互いに手の内を知る同地区対決となった準々決勝。東京都二次予選の第2代表決定戦で苦汁を飲まされた相手だけに、「借りを返す」。選手たちの思いは一つだった。

勝利への渇望が形となったのは2回裏だ。イニングの先頭打者となった4番根岸晃太郎が右中間への二塁打で出塁。今大会初スタメンとなった主砲の一打が狼煙となった。一死から6番中川智裕の打球が三塁ベースを直撃し、大きく跳ねながらレフト線へ転がる。二塁走者の根岸は一気にホームを狙った。しかし、左翼手の好返球によってタッチアウト。一瞬、攻撃の勢いが止まったかに見えた。その流れを変え、センター前へ先制適時打を放ったのが7番砂川哲平だ。根岸と同様に今大会初スタメンとなった「いぶし銀」の一打が、再び一塁側ベンチに熱気をもたらした。

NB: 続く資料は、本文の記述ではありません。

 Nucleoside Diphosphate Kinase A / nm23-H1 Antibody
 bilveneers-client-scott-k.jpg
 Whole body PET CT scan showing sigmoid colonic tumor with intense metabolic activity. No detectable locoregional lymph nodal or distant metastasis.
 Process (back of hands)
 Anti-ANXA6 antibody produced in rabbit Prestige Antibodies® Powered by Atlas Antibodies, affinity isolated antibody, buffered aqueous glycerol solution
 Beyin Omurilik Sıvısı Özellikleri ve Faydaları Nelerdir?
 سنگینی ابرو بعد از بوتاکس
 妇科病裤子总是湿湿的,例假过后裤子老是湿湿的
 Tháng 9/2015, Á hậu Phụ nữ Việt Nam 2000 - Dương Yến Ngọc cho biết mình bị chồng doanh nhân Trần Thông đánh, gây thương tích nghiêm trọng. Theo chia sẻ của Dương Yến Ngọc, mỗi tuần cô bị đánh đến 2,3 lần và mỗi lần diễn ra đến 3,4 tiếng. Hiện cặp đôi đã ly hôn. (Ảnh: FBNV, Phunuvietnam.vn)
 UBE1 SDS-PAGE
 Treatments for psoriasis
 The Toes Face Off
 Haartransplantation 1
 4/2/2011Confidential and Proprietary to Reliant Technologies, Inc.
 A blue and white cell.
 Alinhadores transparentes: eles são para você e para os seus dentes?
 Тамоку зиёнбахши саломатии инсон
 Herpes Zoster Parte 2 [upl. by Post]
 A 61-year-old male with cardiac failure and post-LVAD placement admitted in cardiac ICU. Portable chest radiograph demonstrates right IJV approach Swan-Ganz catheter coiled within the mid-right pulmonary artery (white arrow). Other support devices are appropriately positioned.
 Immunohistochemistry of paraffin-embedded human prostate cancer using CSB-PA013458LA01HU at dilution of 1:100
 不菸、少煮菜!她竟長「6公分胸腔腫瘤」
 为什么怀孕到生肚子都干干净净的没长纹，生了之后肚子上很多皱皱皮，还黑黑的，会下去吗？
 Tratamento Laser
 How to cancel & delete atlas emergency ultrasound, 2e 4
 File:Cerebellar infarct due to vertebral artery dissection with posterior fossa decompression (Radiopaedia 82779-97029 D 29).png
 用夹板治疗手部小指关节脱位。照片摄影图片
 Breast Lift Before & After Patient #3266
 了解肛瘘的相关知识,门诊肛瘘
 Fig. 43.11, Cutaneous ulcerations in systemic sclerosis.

一死から1番打者からの3連打で同点に追いつかれ、なおも四球を挟んで5番打者に満塁弾を浴びたのは3回表だ。今シーズンは先発の一角を担い、何度もチームを勝利に導いてきた先発・舘和弥が、まさかの5失点……。初回を三者凡退に抑えた右腕のピッチングからは想像しにくい、あまりにも衝撃的な失点シーンに言葉を失いかけた。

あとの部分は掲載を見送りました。